Ist ja auch nur für die normale Version


----------



## Toyuki (15. Oktober 2007)

denke das reiten zu 99,99999999999% auch auf 300 sein muss sonnst wäre das unfair und alle würde ingi machen^^



Deadwool schrieb:


> Ist ja auch nur für die normale Version



weiß jmd epix preise?


----------



## Psytis (15. Oktober 2007)

wieso unfair? druiden bekamen die fluggestalt mit lvl 68 um 9g und reiten 225 gratis dazu, hat da jeder einen druiden angefangen??


----------



## Toyuki (15. Oktober 2007)

Psytis schrieb:


> wieso unfair? druiden bekamen die fluggestalt mit lvl 68 um 9g und reiten 225 gratis dazu, hat da jeder einen druiden angefangen??



aber den epix flugskill mussten sie auch kaufen und das sind 4k gold mehr palas/hexer kriegen ja auch epix reitmount gratis aber den 5k skill müssen alle kaufen


----------



## Psytis (15. Oktober 2007)

ich rede jetzt nicht von der epic fluggestalt. die normale und das reiten 225 gabs um 9g beim druiden lehrer und das auch noch 2 lvl früher


----------



## Deadwool (15. Oktober 2007)

für das Upgrade auf den schnellen Flieger kommt noch dazu:

8 Teufelsstahl Stabilisatoren
8 Khorium Kraftkerne
1 Hula Mädchen Puppe (solls für 100g bei einem Händler zu kaufen geben)

(Angaben ohne Gewähr)


----------



## Toyuki (15. Oktober 2007)

Psytis schrieb:


> ich rede jetzt nicht von der epic fluggestalt. die normale und das reiten 225 gabs um 9g beim druiden lehrer und das auch noch 2 lvl früher



ja is klar die 2 lvl ok das is unfair aber wie gesagt pala und hexer kriegen ihre epix reitmounts (100er) auch "gratis"


----------



## Psytis (15. Oktober 2007)

hast du dir die bilder von http://www.buffed.de/forum/index.php?showtopic=19208 angesehn? da steht nix von reiten.
hoffe auch das das so bleibt.
hast ja auch ein paar einschränkungen ohne reiten300. zb kein 320% mount (phoenix), keine netherdrachen tages q und kein netherdrachen. das neue cenarius mount kannst auch net kaufen.


----------



## Deadwool (15. Oktober 2007)

Psytis schrieb:


> hast du dir die bilder von http://www.buffed.de/forum/index.php?showtopic=19208 angesehn? da steht nix von reiten.

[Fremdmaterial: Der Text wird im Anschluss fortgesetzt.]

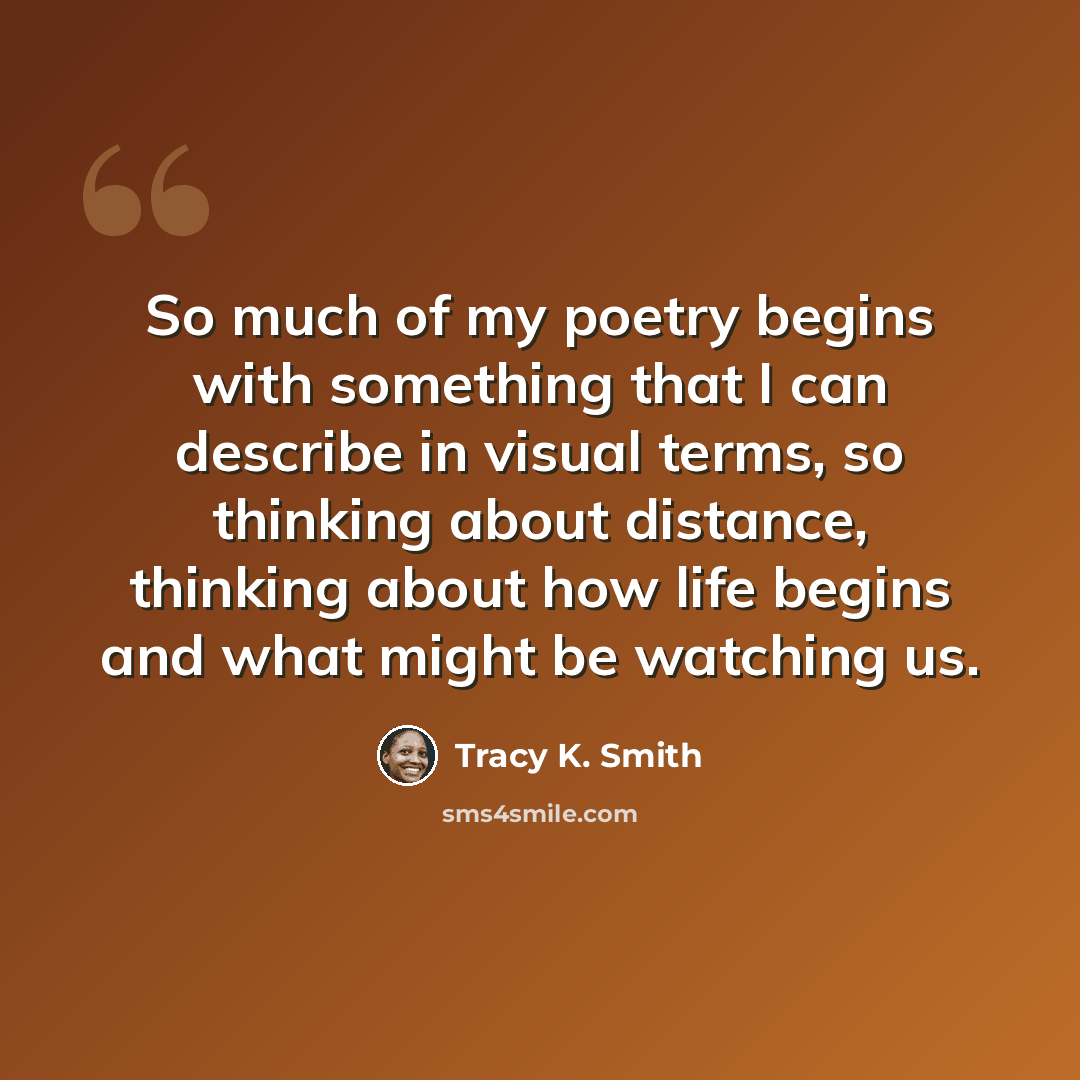 “So much of my poetry begins with something that I can describe in visual terms, so thinking about distance, thinking about how life begins and what might be watching us.” quote by Tracy K. Smith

Leider schon. Lies mal die gelbe Zeile. Da steht "requires expert riding skill or higher to use" für das normale und "requires artisan riding skill or higher to use" beim epischen. Schade, hatte mich auch schon gefreut ich könnte mir die 5k sparen.


----------



## Toyuki (15. Oktober 2007)

Psytis schrieb:


> hast du dir die bilder von http://www.buffed.de/forum/index.php?showtopic=19208 angesehn? da steht nix von reiten.
> hoffe auch das das so bleibt.
> hast ja auch ein paar einschränkungen ohne reiten300. zb kein 320% mount (phoenix), keine netherdrachen tages q und kein netherdrachen. das neue cenarius mount kannst auch net kaufen.



*ich hab gesagt ich würde es unfair finden nie behauptet das es so ist* außerdem wiedersprichst du dir selber ein wenig du zähst die meisten epic mounts auf und sagst die brauchen reiten 300 da *denke *man doch das wenn man das so sieht das es beim ingi mount nicht anders wird oder?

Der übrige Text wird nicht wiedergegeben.